Abstract:Sulfur is an essential element for life and exists ubiquitously in living systems. Yet, how the sulfur atom is incorporated in many sulfur-containing secondary metabolites remains poorly understood. For C-S bond formation in primary metabolites, the major ionic sulfur sources are the protein-persulfide and protein-thiocarboxylate. In each case, the persulfide and thiocarboxylate group on these sulfur-carrier (donor) proteins are post-translationally generated through the action of a specific activating enzyme.  In all bacterial cases reported thus far, the genes encoding the enzyme that catalyzes the actual C-S bond formation reaction and its cognate sulfur-carrier protein co-exist in the same gene cluster. To study 2-thiosugar production in BE-7585A, an antibiotic from Amycolatopsis orientalis, we identified a putative 2-thioglucose synthase, BexX, whose protein sequence and mode of action appear similar to those of ThiG, the enzyme catalyzing thiazole formation in thiamin biosynthesis.
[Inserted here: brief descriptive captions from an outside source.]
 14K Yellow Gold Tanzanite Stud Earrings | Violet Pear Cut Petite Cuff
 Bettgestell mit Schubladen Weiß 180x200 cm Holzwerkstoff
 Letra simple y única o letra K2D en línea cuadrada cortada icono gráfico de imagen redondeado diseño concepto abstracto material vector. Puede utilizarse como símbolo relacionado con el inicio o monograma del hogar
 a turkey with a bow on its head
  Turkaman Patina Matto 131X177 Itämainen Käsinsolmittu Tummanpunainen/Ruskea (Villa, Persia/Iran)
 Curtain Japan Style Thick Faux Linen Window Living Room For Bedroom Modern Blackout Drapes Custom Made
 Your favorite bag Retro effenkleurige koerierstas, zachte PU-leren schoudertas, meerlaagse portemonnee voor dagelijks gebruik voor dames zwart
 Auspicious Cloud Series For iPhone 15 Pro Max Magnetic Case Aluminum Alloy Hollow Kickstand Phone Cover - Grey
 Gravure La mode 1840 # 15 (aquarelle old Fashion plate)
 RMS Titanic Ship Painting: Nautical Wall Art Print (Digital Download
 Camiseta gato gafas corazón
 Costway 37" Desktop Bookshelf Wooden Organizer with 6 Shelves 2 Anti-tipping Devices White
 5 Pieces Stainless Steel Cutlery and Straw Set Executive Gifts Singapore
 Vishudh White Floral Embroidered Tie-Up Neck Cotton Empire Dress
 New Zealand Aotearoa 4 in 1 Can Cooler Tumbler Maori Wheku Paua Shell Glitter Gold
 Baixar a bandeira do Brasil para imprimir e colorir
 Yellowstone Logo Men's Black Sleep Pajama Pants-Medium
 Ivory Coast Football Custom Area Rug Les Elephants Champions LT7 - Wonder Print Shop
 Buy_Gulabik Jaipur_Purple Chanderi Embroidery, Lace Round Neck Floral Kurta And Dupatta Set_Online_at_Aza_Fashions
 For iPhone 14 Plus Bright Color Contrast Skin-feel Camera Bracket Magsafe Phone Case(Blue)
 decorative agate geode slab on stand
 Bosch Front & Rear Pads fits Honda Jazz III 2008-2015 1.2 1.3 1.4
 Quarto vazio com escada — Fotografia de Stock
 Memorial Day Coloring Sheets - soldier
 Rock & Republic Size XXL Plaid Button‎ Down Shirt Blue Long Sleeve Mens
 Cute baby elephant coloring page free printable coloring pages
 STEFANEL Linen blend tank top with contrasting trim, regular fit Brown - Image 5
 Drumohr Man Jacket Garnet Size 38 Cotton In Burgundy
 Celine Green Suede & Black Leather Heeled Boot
However, no sulfur-carrier protein gene could be located in the BE-7585A cluster. Subsequent genome sequencing revealed the presence of a few sulfur-carrier proteins likely involved in the biosynthesis of primary metabolites, but surprisingly only a single activating enzyme gene in the entire genome of A. orientalis. Further experiments showed that this activating enzyme is capable of adenylating each of these sulfur-carrier proteins, and likely also catalyzing the subsequent thiolation taking advantage of its rhodanese activity.  A proper combination of these sulfur delivery systems is effective for BexX-catalyzed 2-thioglucose production. The ability of BexX to selectively distinguish sulfur-carrier proteins is given a structural basis using X-ray crystallography. These studies represent the first complete characterization of a thiosugar formation in nature and also demonstrate the receptor promiscuity of the sulfur-delivery system in A. orientalis. Our results also provide evidence that exploitation of sulfur-delivery machineries of primary metabolism for thte biosynthesis of sulfur-containing natural products is likely a general strategy found in nature.